This issue is filled with activities and events past, present and future. What suffuses the whole is the idea of being good neighbors. Lately, we've been experiencing changes in our neighborhood. Some will create new dwellings, and ultimately welcome new neighbors; some will return parts of our landscape to what it once was, allowing us to further enjoy our bit of sand and sea.   


There's also been talk lately about what constitutes being a good neighbor: not letting overly-exuberant kids run around in the neighbor's yard (guilty), helping out people in need, designing architecture that adds to our neighborhood, being mindful of others during construction, and assessing proposed bylaw changes. All of these actions create a rich and ever-changing tableau, both social and physical.

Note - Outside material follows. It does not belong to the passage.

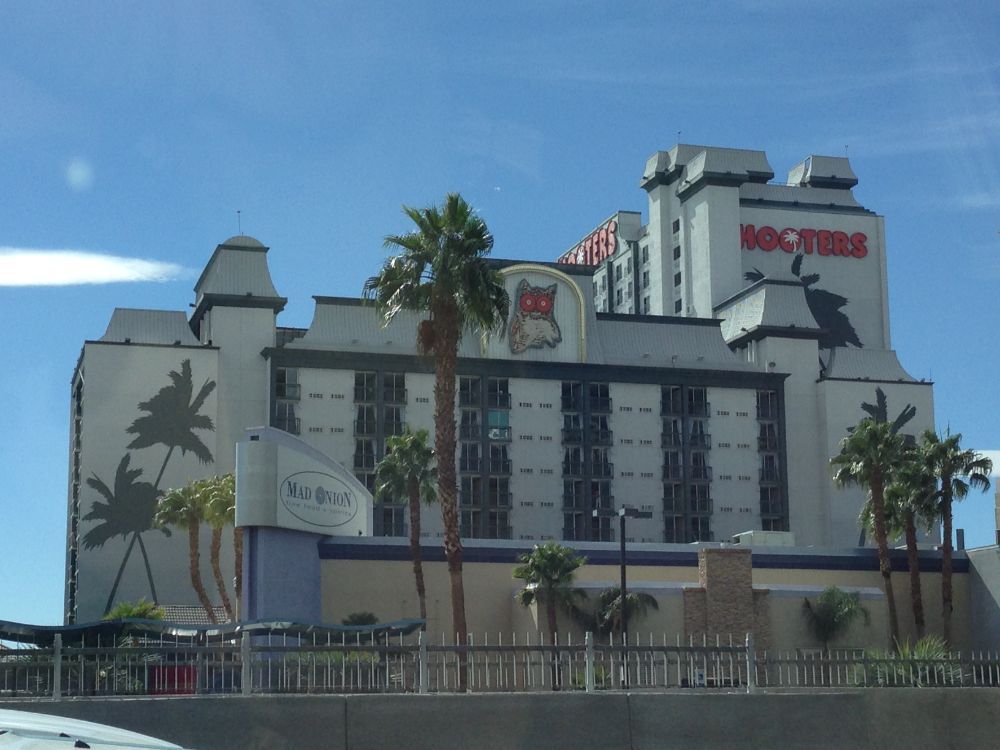 Las Vegas, part 3. Hotel HOOTERS.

This issue also introduces "Preservationist Toolbox", a feature we hope will deliver timely, practical ideas to your digital doorstep. We're excited to bring you this initial crop of information, culled with the help of the National Trust's Digital and New Media department. We're grateful to our contributors, Ted Keon, John Whelan, Mary Ann Gray and the many members who add to our Village News.  Happy summer!


Jennifer Longworth, Editor 

President's Letter

Oh the Times, They are A-Changing ... and in the Old Village we certainly are seeing signs of change. Some are good, some are not so good. I'll let you decide which are which! But the newest and most exciting change is the founding of a new group within our ranks ... the Village Kids! This is an ever-changing group of youngsters who have ties to the Old Village - through grandparents, parents, friends, friends of friends.  


The kick-off for the group will be the Kids for Food project. See the story below. Hopefully this will be the beginning of welcoming young people to share the joy of being connected to one of the loveliest spots in town! And as these young people and their peers grow up we hope they will honor the traditions and philosophies of the OVA - that is to quote our Article of Organization, "to preserve and protect the historic nature and architectural beauty and integrity of the Old Village area".  


~ Nancy Koerner, President
Water Street Town Landing
water st view     water street landing

Water Street Town Landing, a work in progress

Chatham's Director of Coastal resources, Ted Keon, brings us this update on the reinstatement of the Water Street Town Landing, for which he is providing leadership: 


In honor of the town's 300th Birthday celebration, the Old Village Association has contributed $8,500 to the Town of Chatham to fund an invasive vegetation removal project at the town landing at the eastern end of Water Street.  As many will recall, this landing once provided public access to the beach and offered a lovely view overlooking Chatham Harbor and the ocean.  After the inlet formation in 1987, access to the shore at this and other landings along Chatham Harbor were essentially lost following the extensive erosion and construction of revetments.  Water Street landing then subsequently became a spot solely for scenic viewing.    Vistas from the landing have become impaired in recent years due to the uncontrolled growth of non-native vegetation at the top of the coastal bank.  The project will remove the non-native vegetation and then re-plant with native plant species more suitable for this type of coastal environment.  Once completed it will also serve as an example of this type of restoration for other locations along the shoreline.  The Conservation Commission has already approved the project and the work is scheduled to begin this winter and spring with minor follow-up maintenance for the next couple of years.

~ Ted Keon

An Old Village First - Village Kids for Food Drive Celebrates Chatham's 300th!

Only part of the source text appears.